KWARC / rust-libxml

Rust wrapper for libxml2
https://crates.io/crates/libxml
MIT License
76 stars 38 forks source link

Missing Node::to_string method #126

Closed anwaralameddin closed 8 months ago

anwaralameddin commented 8 months ago

The Document structure provides the method node_to_string that returns an XML representation of a node and its children. A similar method does not seem to be implemented directly on the Node structure. If I understand it correctly, it seems that one can get xmlDocPtr from _xmlNode. Can this be passed to xmlNodeDump used in node_to_string? If so, the Document argument is not needed here, and one should be able to implement Node::to_string.

Currently, I am passing the node and document around merely to be able to call node_to_string when handling errors when, in principle, I only need the node.

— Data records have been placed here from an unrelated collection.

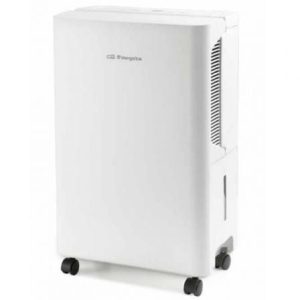 Desumidificador Orbegozo DH 1045 / Depósito 10L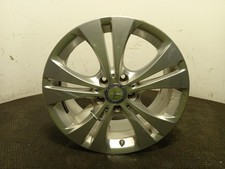MERCEDES B CLASS Alloy wheel 17Inch 5x112 ET52.5 7.5J 2011-2019 A2464010800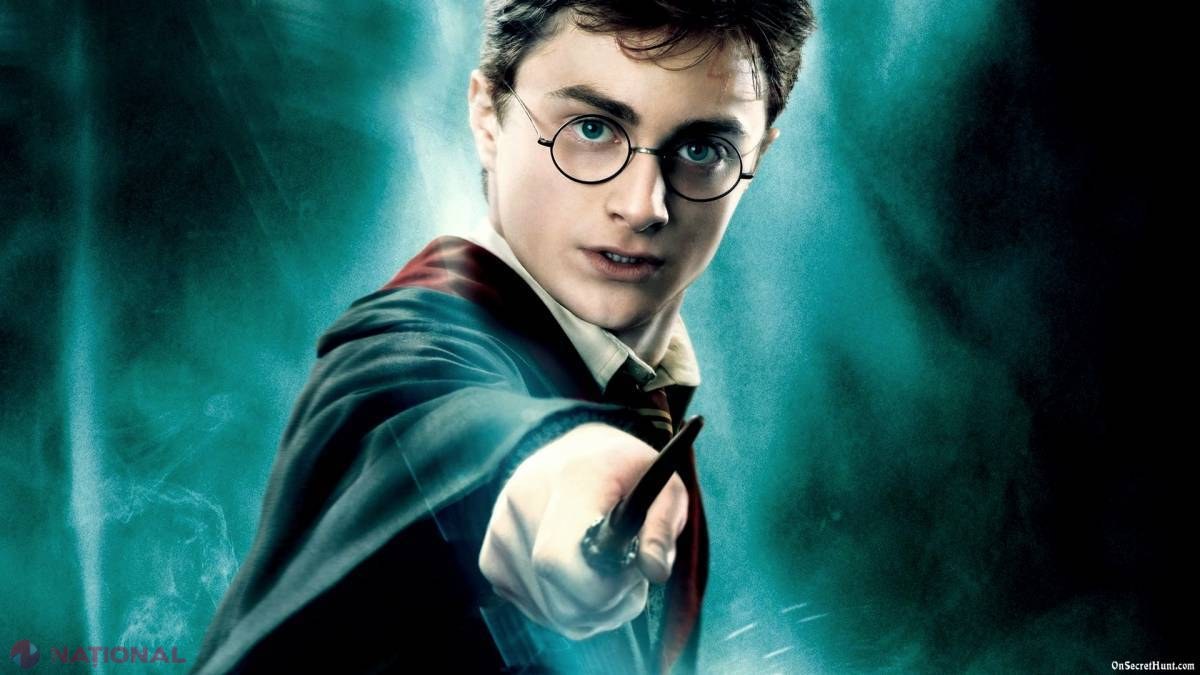 SURPRIZĂ de Crăciun pentru fanii lui Harry Potter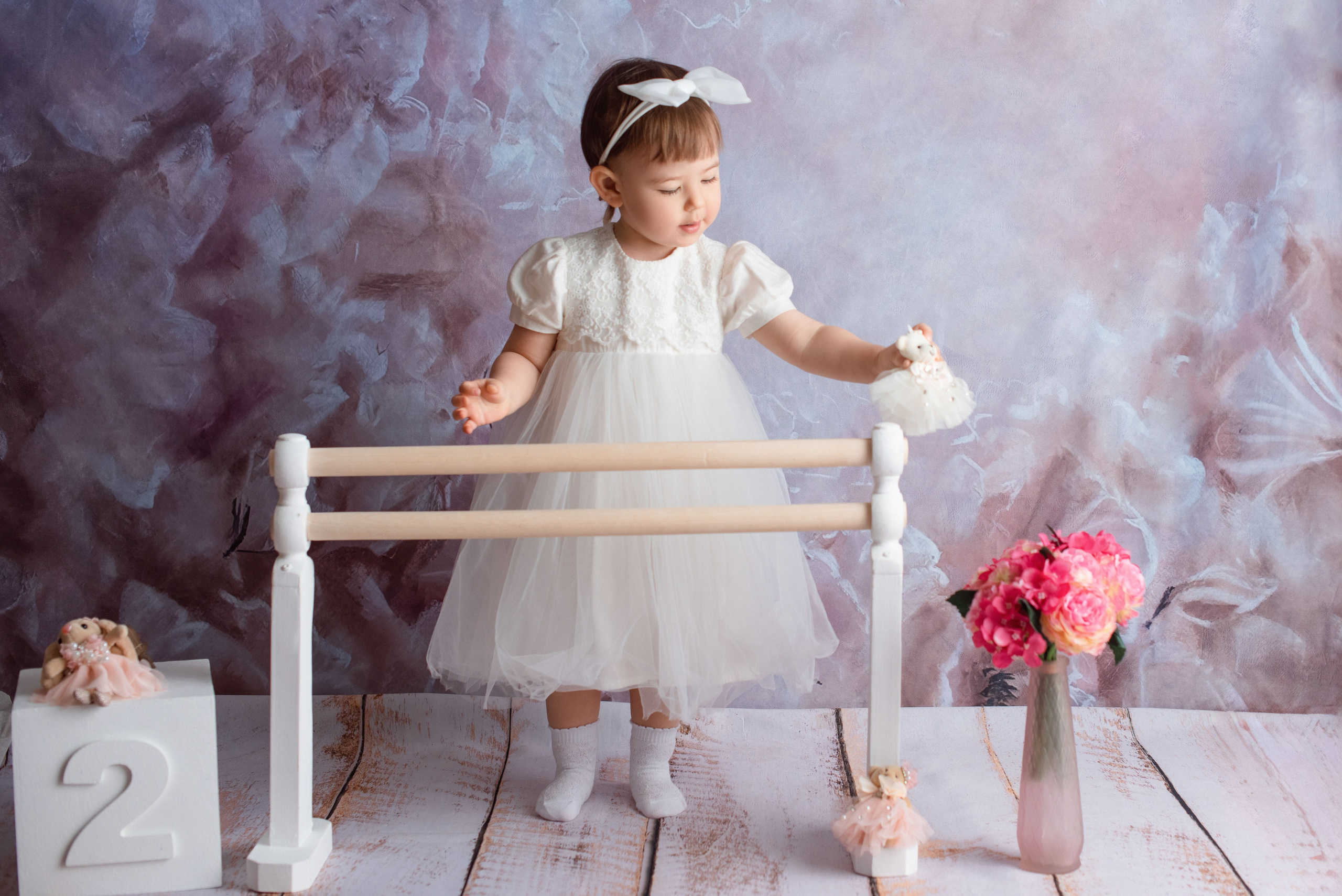 Дети 2-3-4 года. Фотограф Новорожденных во Владивостоке Ольга Галаницкая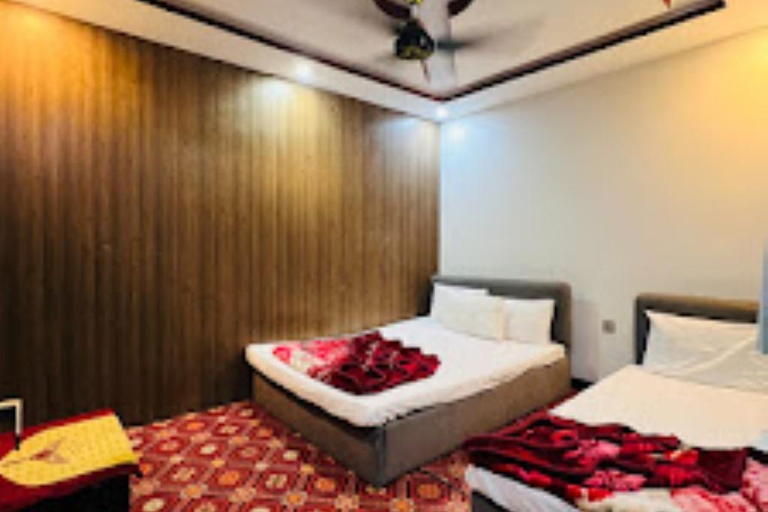 Others 4, Al Aqsa Guest House, Islamabad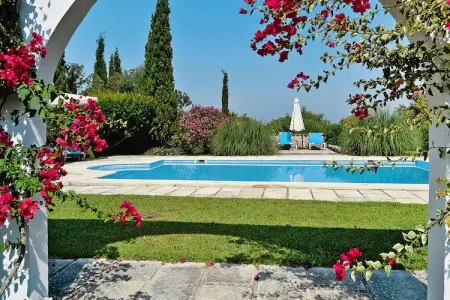 Estudio, Maison de vacances avec mobilier de jardin - Photo 9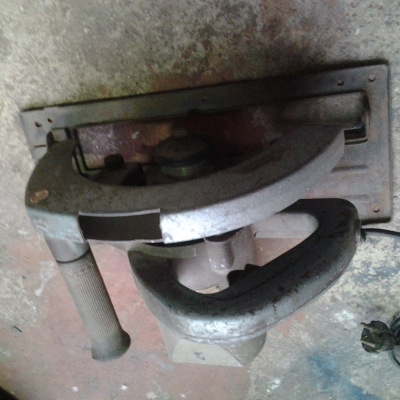 ขาย !! เลื่อย 9" มากีต้า 5900 ตัวอลูมิเนียม พร้อมใช้งาน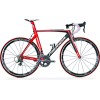 Reacto 909 Carbon-Rahmen
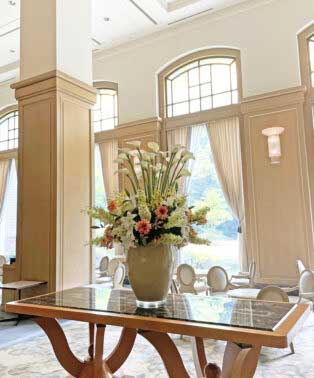 相手に負担をかけない気遣いの贈り物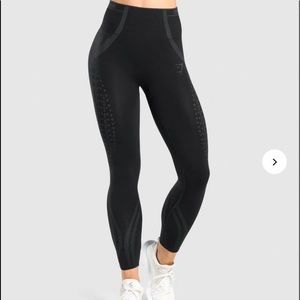 Gymshark Apex Leggings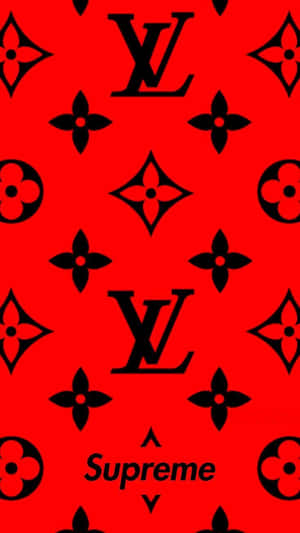 Show Off Your Style This Season With Cool Louis Vuitton! Wallpaper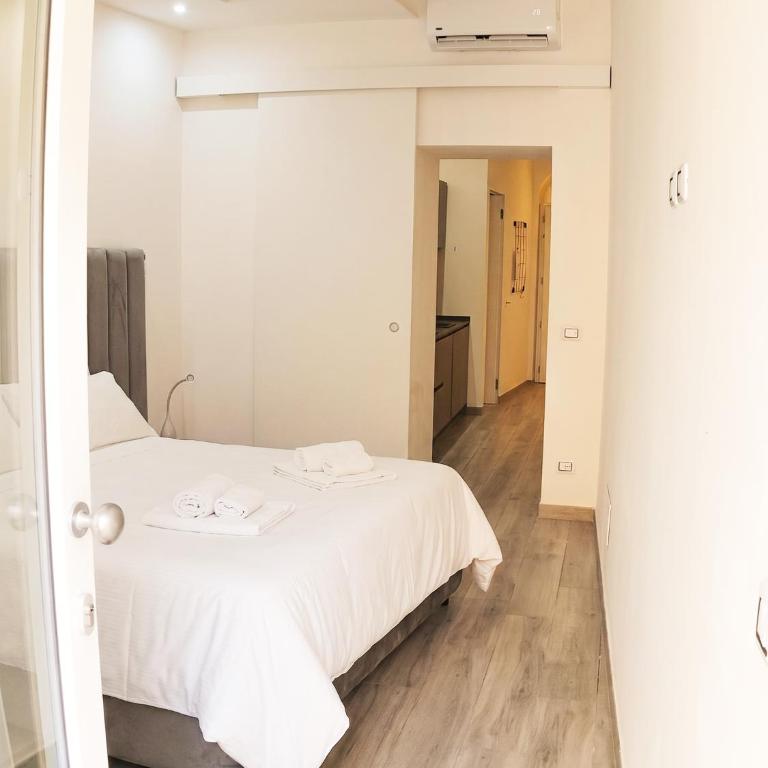 Sicilian Home Ortigia Apartment - Appartamento con 1 Camera da Letto - 3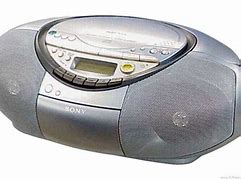 Image result for Sony CD Radio Cassette Recorder
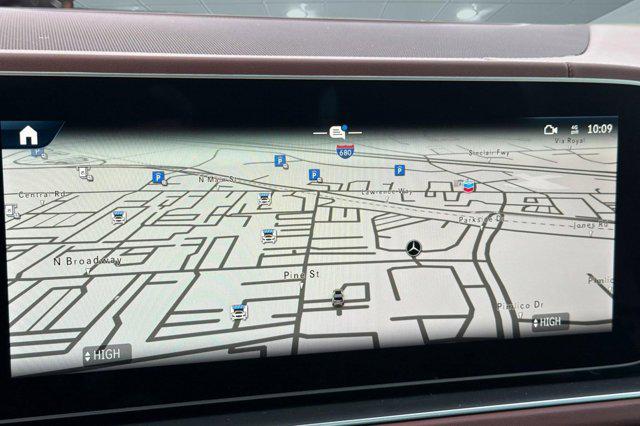 2026 Mercedes-Benz Maybach GLS 600 Maybach  600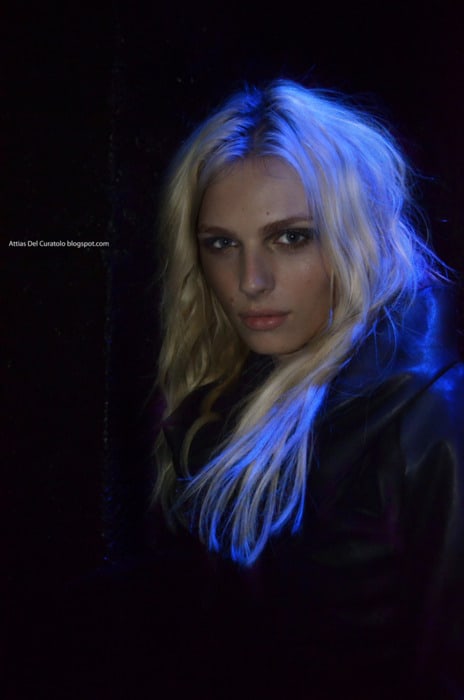 Andrej Pejic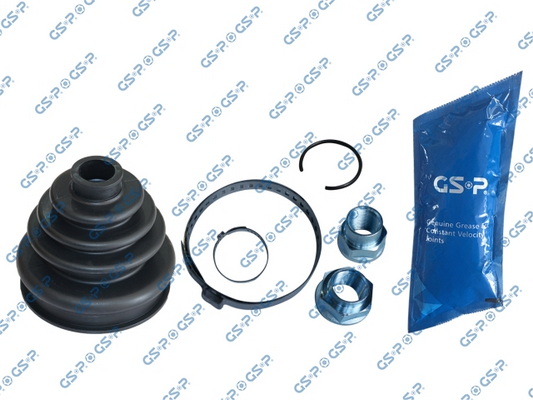 Ansamblu burduf articulatie planetara GSP 780361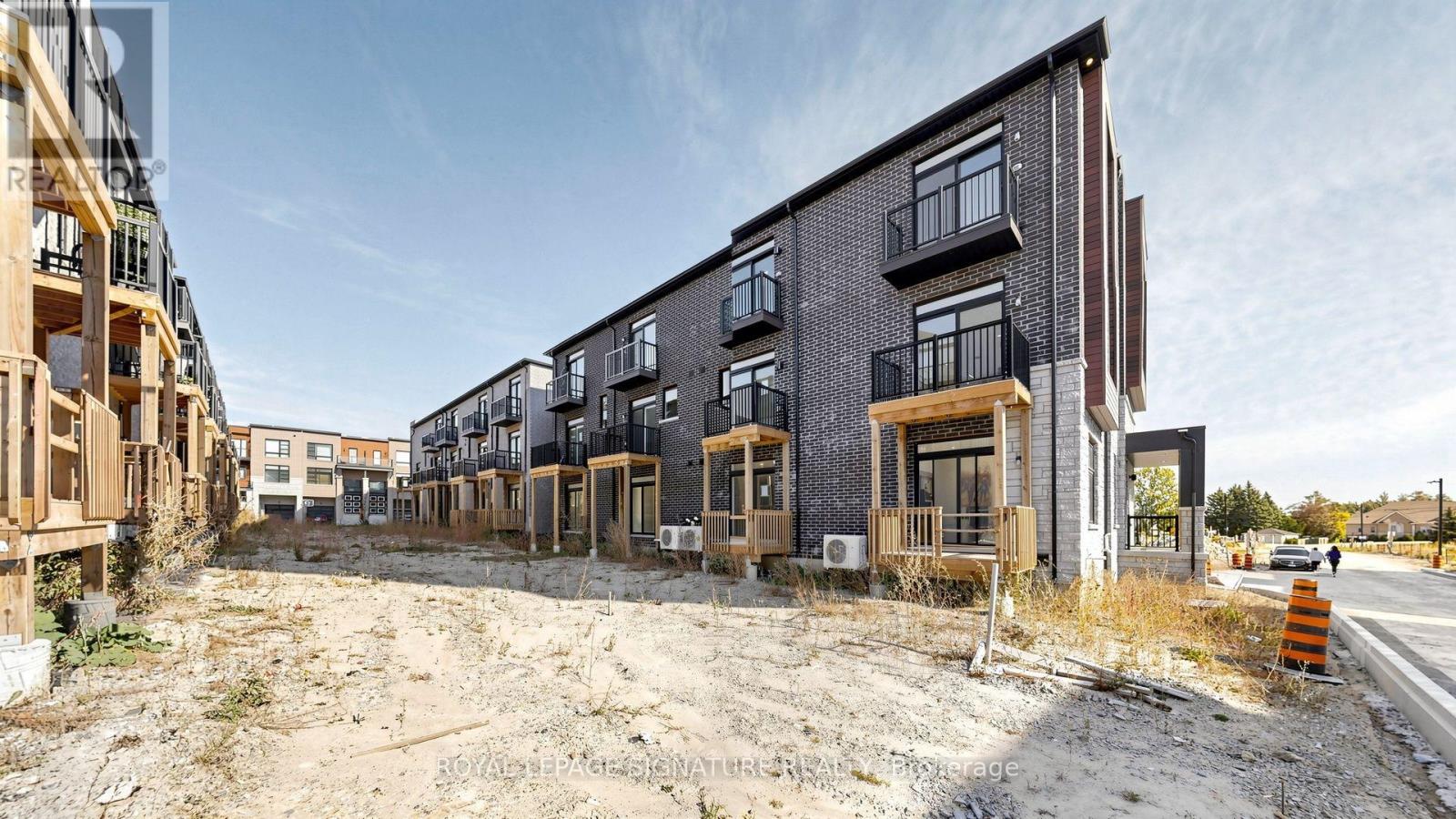 38 Radisson Street, Vaughan, ON photo 46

If such an addition is not possible or intended, could you please clarify any pitfall one may have when introducing this method using the member doc of the _xmlNode structure? If such a method needs to return an Option depending on whether the node is linked, it remains useful.

dginev commented 8 months ago

You could do that, but it creates a guarantee that Node will always hold a reference to a Document in the future. Currently that is only an internal implementation detail which is potentially subject to change.

And if you look at the read-only version of Node: https://github.com/KWARC/rust-libxml/blob/11f1d4ad2be7265fb59843f1ec4f1e656109e5e4/src/readonly/tree.rs#L16

You'll see that it doesn't carry any connection to its parent document. Neither does the original xmlNodePtr, if I remember correctly. But indeed Node currently keeps a ref to its owner document for bookkeeping.

The one possible gotcha is calling node.to_string() on a Node which was unlinked and then had its owning Document dropped. I think that has to be guarded in a new Node::to_string, i.e. one has to check if DocumentWeak has a usable pointer - and if not - report an error. So this kind of method may need to return Result<String> rather than String.

But if all of that sounds reasonable, I am open to adding it if it makes things more convenient.

anwaralameddin commented 8 months ago

Thank you for your explanation. I am considering the member doc of the libxml2 _xmlNode struct rather than the reference to a Document in Node, more in line with the below:

let node_ptr = self.node_ptr();
let doc_ptr = if node_ptr.is_null() {
  ptr::null_mut()
} else {
  (*node_ptr).doc
};
// dump the node
xmlNodeDump(
  buf, doc_ptr, node_ptr, 1, // level of indentation
  0, /* disable formatting */
);

Unless I am missing something, I think this way, it could be implemented for both Node and RoNode.

anwaralameddin commented 8 months ago

Thank you for pointing out possible issues. Indeed, when the owning document is dropped, tests for such an implementation fail. When it returns a string, it's either the empty string or a representation of an empty element.